*THE PROBLEM:*
Excluding pictures, reproduce word for word the lines from the one containing "It's Tech Tuesday, and" through the end of the material below.
*** Opening of EXERCISE DATA ***
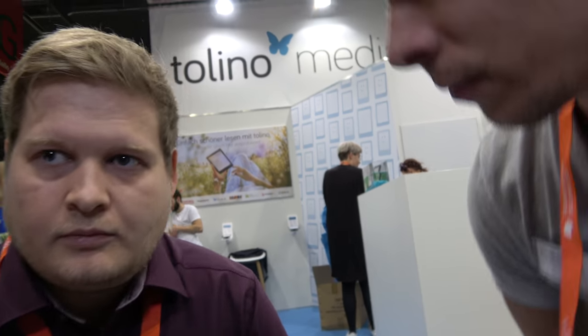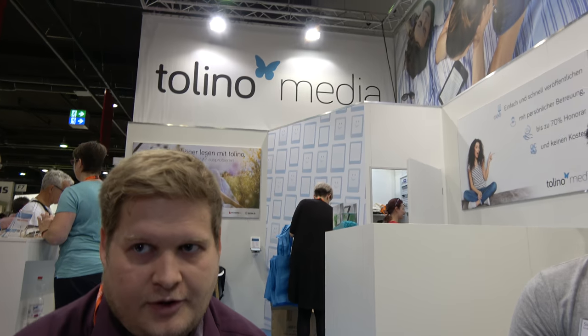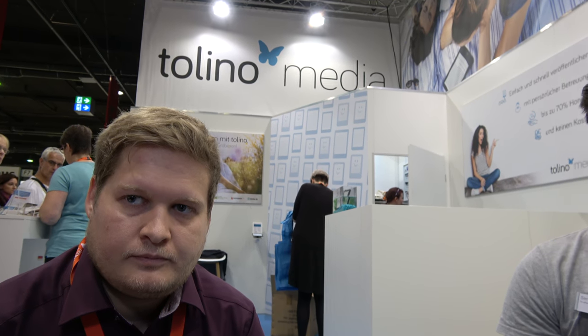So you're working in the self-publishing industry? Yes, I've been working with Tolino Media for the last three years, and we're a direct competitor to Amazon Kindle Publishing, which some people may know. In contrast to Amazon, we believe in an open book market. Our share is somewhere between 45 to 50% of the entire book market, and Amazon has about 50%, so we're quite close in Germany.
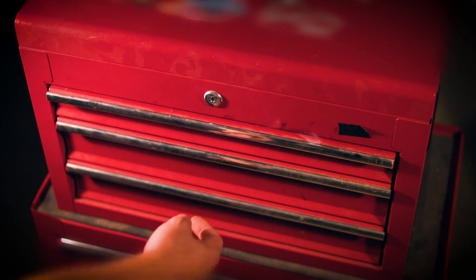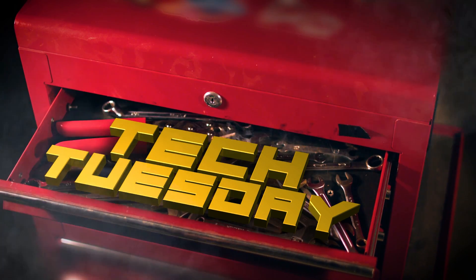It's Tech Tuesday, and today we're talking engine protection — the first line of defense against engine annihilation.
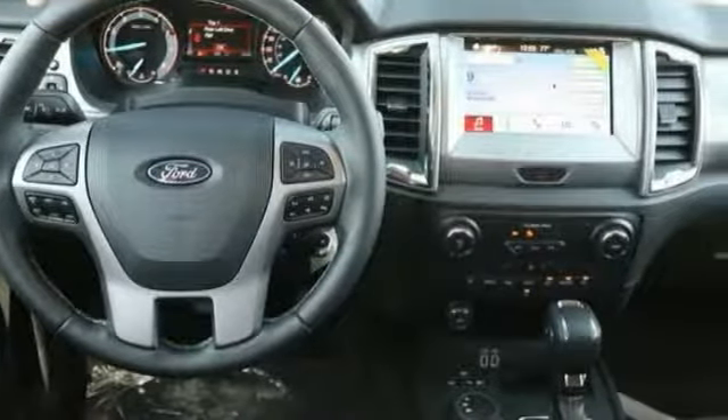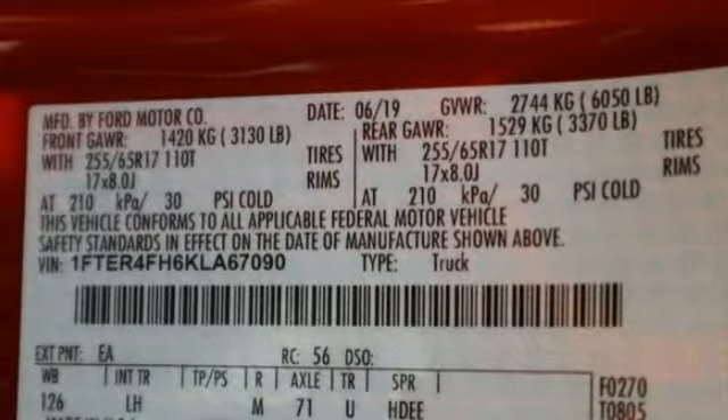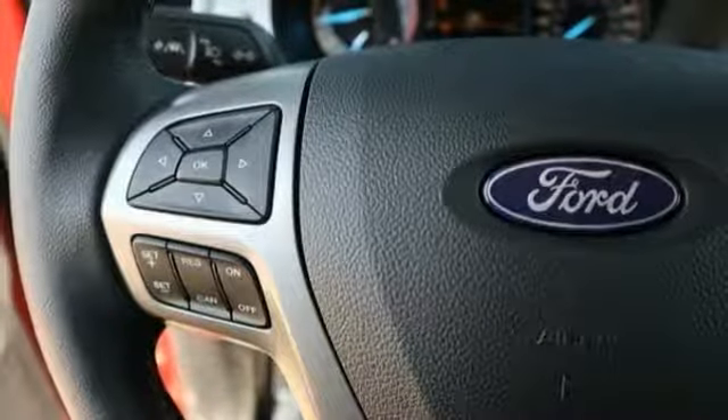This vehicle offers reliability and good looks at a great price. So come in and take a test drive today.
*** Close of EXERCISE DATA ***
*YOUR SOLUTION:*
It's Tech Tuesday, and today we're talking engine protection — the first line of defense against engine annihilation.
This vehicle offers reliability and good looks at a great price. So come in and take a test drive today.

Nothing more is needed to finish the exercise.